Method Three: Welsh for Adults course.

Whilst other courses exist from many different suppliers “Welsh for Adults” is very much considered the “go-to” in terms of real-life classes.

“Welsh for Adults” run course of multiple levels right across the country, usually in colleges, universities or even in community centres. The courses run right from Pre-Entry/Taster level right up to Proficiency level which is aimed at fluent Welsh speakers as a “last polish up” of your skills.

These courses are good for people who like the commitment factor that a scheduled coure can offer, and the fact you are attending with others gives you a lot of opportunity to mix with other Welsh learners.

Pros

  • A well structured and ordered course.
  • The chance to mix with other learners.
  • A tutor on-site to answer questions as they happen.
  • A recognised qualification at the end of the course.
  • Optional “residential summer schools” in places like Aberystwyth where a whole level of the course can be undertaken in a short space of time.

Cons

  • Going from beginner to fluent speaker can take a while due to the speed of the course.
  • Although not necessarily expensive by any means (£100-£150 for a full term Sept-May is about the going rate), this is the most expensive method of those listed here.
  • Whilst speaking with other learners is great, if you are only speaking with other learners you may find that your language stagnates a little.
  • Although the course provider try their best, depending on location sometimes the courses are difficult to attend.

Method Four: Going it totally alone!

By going it totally alone, you’ll be largely learning Welsh from books or just picking up colloquial Welsh from other fluent speakers.

I myself know of many people who just moved to Wales, found their local pub, realised that people spoke Welsh there and just learned colloquial Welsh from them.

Whilst this may frighten even the bravest of us out there, there are a lot of benefits to using this method – especially if you try where possible to limit yourself to only speaking Welsh with certain people.

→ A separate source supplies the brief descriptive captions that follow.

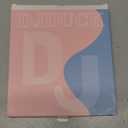 DJDUCK Designed for iPhone 17 Pro Max Case Wallet with Card Holder, [Magnetic Clasp Cover] [RFID Blocking Leather Protection] Shockproof Women Men Cases 6.9 Inch for Apple 17 ProMax Light Brown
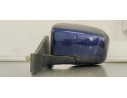 Recambio de retrovisor izquierdo para mazda 5 berl. (cr) 1.8 active referencia OEM IAM E4012284  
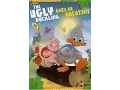 Opening To The Ugly Duckling Goes On Vacation 2006 DVD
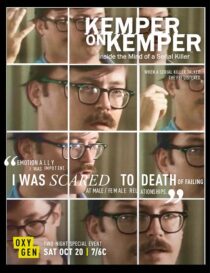 دانلود فیلم Kemper on Kemper: Inside the Mind of a Serial Killer 2018397264-772416841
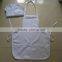 Promotion Polyester Aprons,Wholesale Cheap Promotion Aprons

Have you ever heard the theory about French? They say that people learn the language in schools for ten years without being able to produce a proper sentence, yet if you dumped someone in a southern-French village where no-one spoke English at all, and they had to learn some French in order to survive, they’d probably be fluent in a month! This is the nearest thing to that!

Pros

  • Can be an incredible quick way of learning the language (can also be very slow!)
  • You will definitely learn to speak “how the locals” speak.
  • The use of literature etc can further assist and aid your progress.

Cons

  • This is by far and away the hardest way to learn the language.
  • Can take a much longer time that simply taking a formal course.
  • You need to be quite the “people person” to achieve good results with this method.
  • Incredible amounts of self motivation needed.
  • Will your mistakes be corrected?
  • Possible lack of direction in your learning?